Ten wszakże publiczność uwiódł. Również moich filmwebowych znajomych. Stąd moje zaciekawienie - BB to według mnie, jak na razie, nędza kompletna, a ja szukam wśród zwolenników jedynie kogoś, kto mnie przekona, że warto stracić kolejne godziny na oglądanie tego czegoś. W żadnym miejscu się nie wypieram, że obejrzałem dotąd tylko 3 odcinki. Jedynie się tutaj "głośno" zastanawiam nad planami na najbliższy wieczór. ;-)
Nikt Cię na siłę nie będzie przekonywał, ani Ci udowadniał, że warto BB dać szansę. Nie podoba Ci się - trudno. Better call Saul.
Nieprawda. Widziałem wiele seriali, które na początku zawodziły, a później stawały się nawet arcydziełami (przykład: The Wire)
Jakże to - "nieprawda"? Wmawiasz mi, że oglądam seriale, które mi się nie spodobały?

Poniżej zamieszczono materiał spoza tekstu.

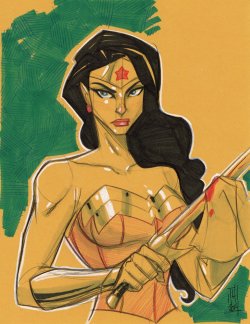 thehappysorceress:  Wonder Woman by Tom Hodges  For Sale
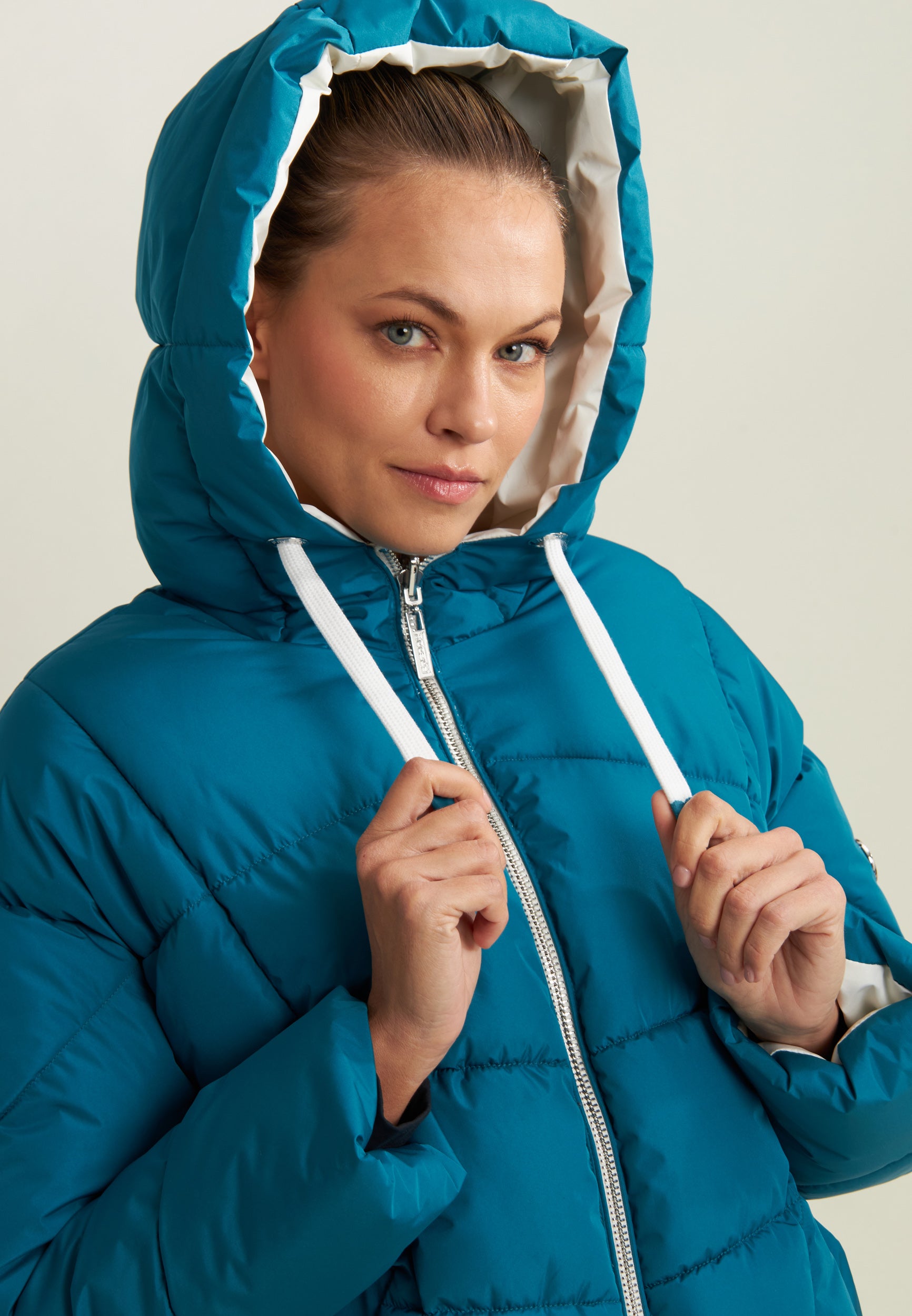 freddy-double-face-doudoune-femme-r-versible-capuche image 4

Toż to czyściuteńka krystaliczna prawda, że jak dotąd każdy serial, który faktycznie oglądałem, podobał mi się od 1 odc. Nawet jeśli oglądałem go dopiero od 2 odcinka. ;-)
Kiedyś musi być pierwszy raz, bo nie każdy serial widocznie taki jest, ten rozkręca się później.
Aha, "The Wire" to jeden z tych, których nie wiedziałem nawet odcinka i tego żałuję. Znajduje się na 1 miejscu listy życzeń.
Ja "Crime Story" sobie ulubiłem.
Z tego co widzę to co innego. Typ Crime Story to The Shield, które też jest obowiązkowe.